Répondant à ces «pseudo experts qui courent les salons et plateaux de télévision», le diplomate Elyes Kasri leur conseille, dans un post Facebook publié aujourd’hui, samedi 6 juin 2022, de «bien méditer leur proposition saugrenue que la Tunisie mette fin à son partenariat avec l’Europe et les Etats-Unis d’Amérique pour s’arrimer à la Russie et à la Chine à la faveur du tant attendu nouvel ordre mondial».

L’ancien ambassadeur écrit : «Les idéologues antioccidentaux et principalement antiaméricains gagneraient à modérer leurs ardeurs à la lumière des difficultés rencontrées par la Russie et la Chine dans leur voisinage immédiat.» Et pour cause, explique-t-il : «Au-delà de quelques projets de coopération sans aucun impact significatif sur la situation critique de l’économie tunisienne, ces deux pays sont suffisamment empêtrés dans des contentieux historiques de proximité pour s’impliquer d’une manière stratégique et significative en Tunisie qui, il ne faut pas l’oublier, fait partie du flanc sud de l’Europe et de l’Otan».

Utopistes ou pyromanes

Cette analyse est d’autant plus juste et recevable que la Tunisie est lié à l’Union européenne par un accord d’association signé en 1996 dont dépend des pans entiers de son économie, et qu’elle est un allié majeur non membre de l’Otan depuis 2015. Cette dernière alliance vaut à notre pays de précieuses aides militaires dont il ne saurait se passer, notamment dans le domaine de la surveillance de ses frontières terrestres et maritimes et de la lutte contre le terrorisme.

Ceux qui rêvent de changer les fondamentaux de la diplomatie tunisienne dont la doctrine et l’architecture ont été définies depuis la fin des années 1950 par Habib Bourguiba sont au mieux des utopistes déconnectés des réalités du monde, au pire des pyromanes qui cherchent à mettre le feu à un pays déjà rendu inflammable par l’instabilité politique et la crise économique où il se morfond depuis la «révolution» de 2011.    

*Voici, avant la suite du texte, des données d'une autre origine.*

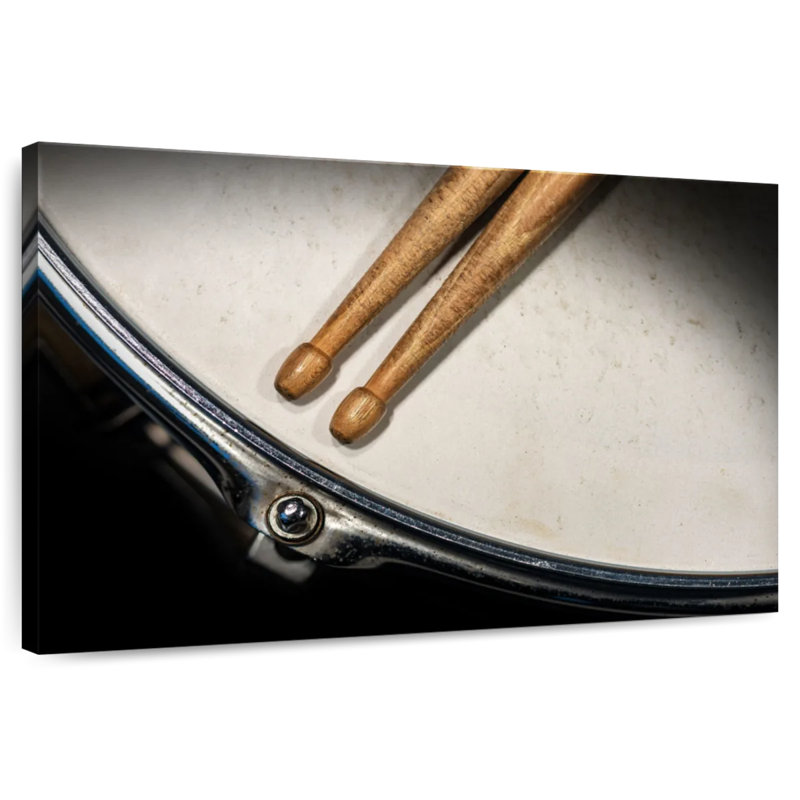 Abarca Drumsticks On Snare Drum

«La première urgence pour de nombreux politiciens et activistes politiques tunisiens serait de faire preuve de sobriété et d’arrêter de régurgiter des théories et idéologies qui n’ont rien à voir avec les rapports de force dans le monde d’aujourd’hui, tout du moins dans le court terme qui va déterminer la capacité de la Tunisie de survivre à la présente crise qui risque d’enfoncer le pays dans la misère et l’anarchie», conclut Elyes Kasri, dont la carrière diplomatique l’a amené aussi bien en Asie qu’en Europe.